Note that the mean of the simulated predictions is exactly the same as the outcome of predict(), as expected. We now alos have upper and lower bounds for each prediction. 

It is important to bear in mind with the above, that this method does not take into account the RE or any uncertainty involved with its estimation - in fact we completely ignored it in our predictions just now. Depending on the extent of among-group variation, this may mean that our prediction plot and particularly the estimated uncertainty around the prediction is somewhat optimistic. 

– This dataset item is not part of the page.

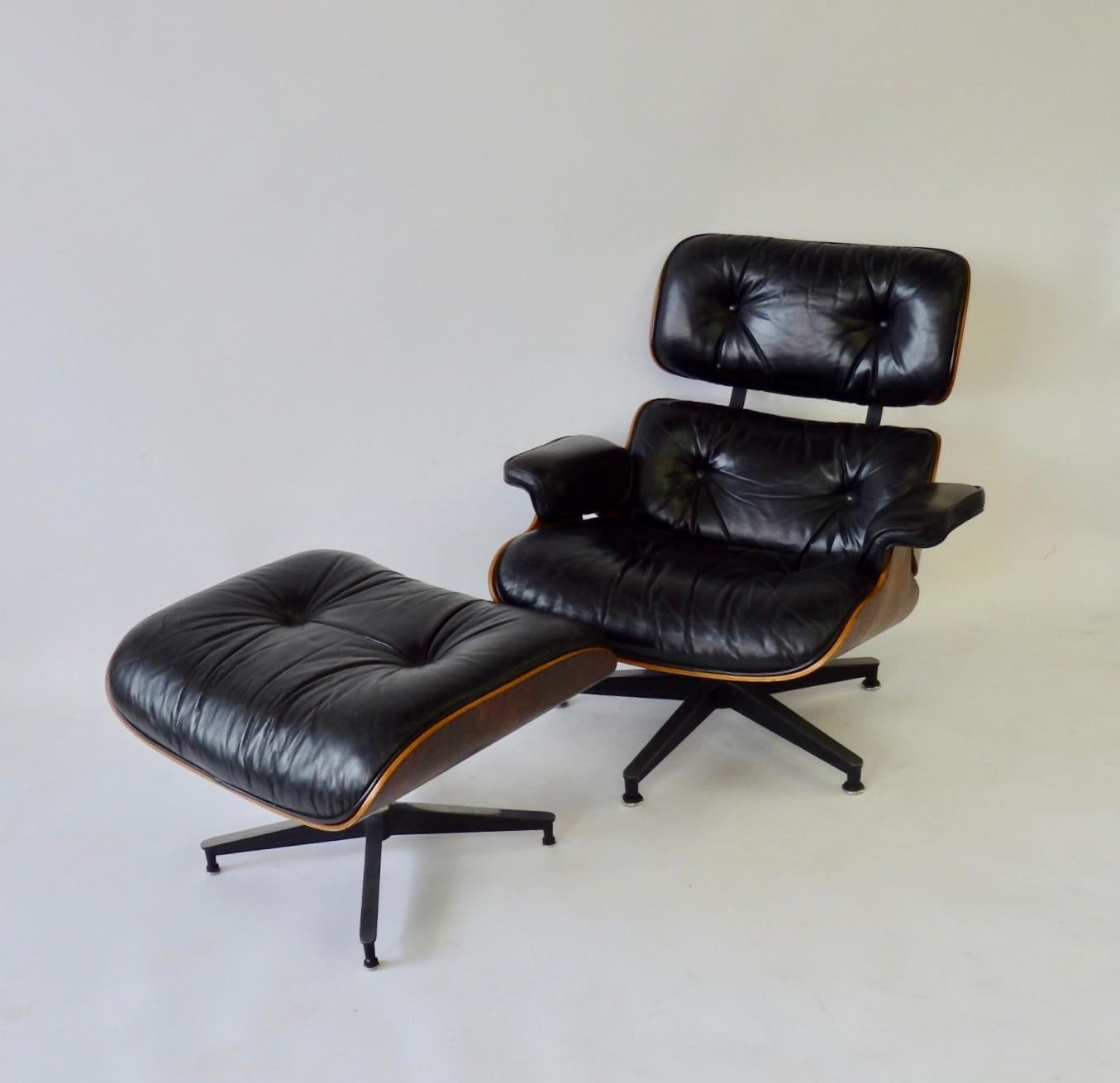 One Owner Estate Charles and Ray Eames Black Leather Lounge Chair with Ottoman 8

To take this RE variation into account will take a little bit more work, for example we could use the random draws from the RE's in ranef(glmm1_sim) to generate predictions for all groups, and average across those. However, this is for another day.

# Summary

I've given a very brief and very basic overview of how to predict using LMs and GLMMs. This is very far from a comprehensive treatment of the topic, and obviously there are many mathematical details that I have left out of the current text.  

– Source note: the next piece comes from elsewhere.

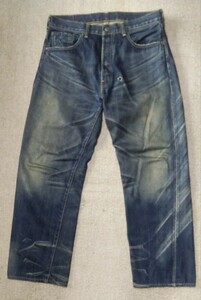 ◎人気モデル◎名作・貴重◎ビッグサイズ◎LVC LEVI'Sリーバイス66501スライディングフィニッシュUSED加工デニム W36 赤耳 BIG-E 日本製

It is also important to stress that I have not by any means covered all alternatives to produce uncertainty from model predictions. In particular, [bootstrapping](https://rdrr.io/cran/lme4/man/bootMer.html) is a very useful and universal tool in this regard. There are also numerous packages that are designed to make the entire process described above almost pain-and-code free (e.g. [merTools](https://cran.r-project.org/web/packages/merTools/vignettes/Using_predictInterval.html)). By all means use them (why reinvent the wheel), but I would suggest that it is always best to have at least a basic grasp of what is likely to go on "under the hood".